Content starts
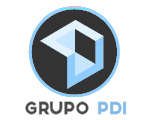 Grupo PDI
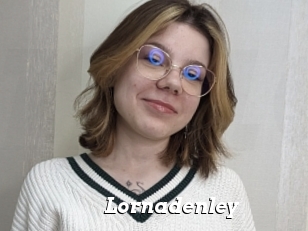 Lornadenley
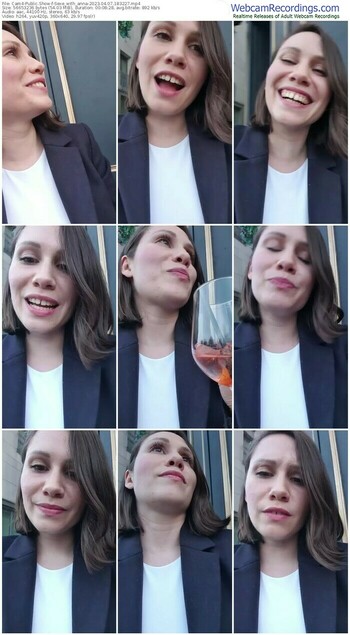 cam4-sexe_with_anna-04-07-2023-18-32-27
Content ends
Content starts
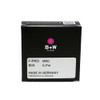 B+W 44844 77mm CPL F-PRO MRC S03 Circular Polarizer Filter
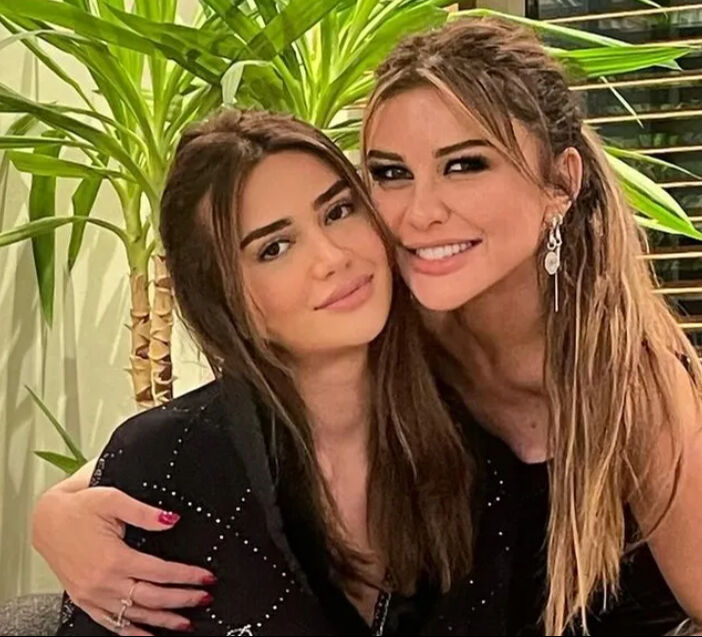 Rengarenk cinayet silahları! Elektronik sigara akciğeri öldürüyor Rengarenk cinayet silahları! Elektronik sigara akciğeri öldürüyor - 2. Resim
Content ends
For this exercise, reproduce exactly the lines of the records above from the one with "B+W 44844 77mm" up to and including the one with "öldürüyor - 2. Resim", without pictures.

 B+W 44844 77mm CPL F-PRO MRC S03 Circular Polarizer Filter
 Rengarenk cinayet silahları! Elektronik sigara akciğeri öldürüyor Rengarenk cinayet silahları! Elektronik sigara akciğeri öldürüyor - 2. Resim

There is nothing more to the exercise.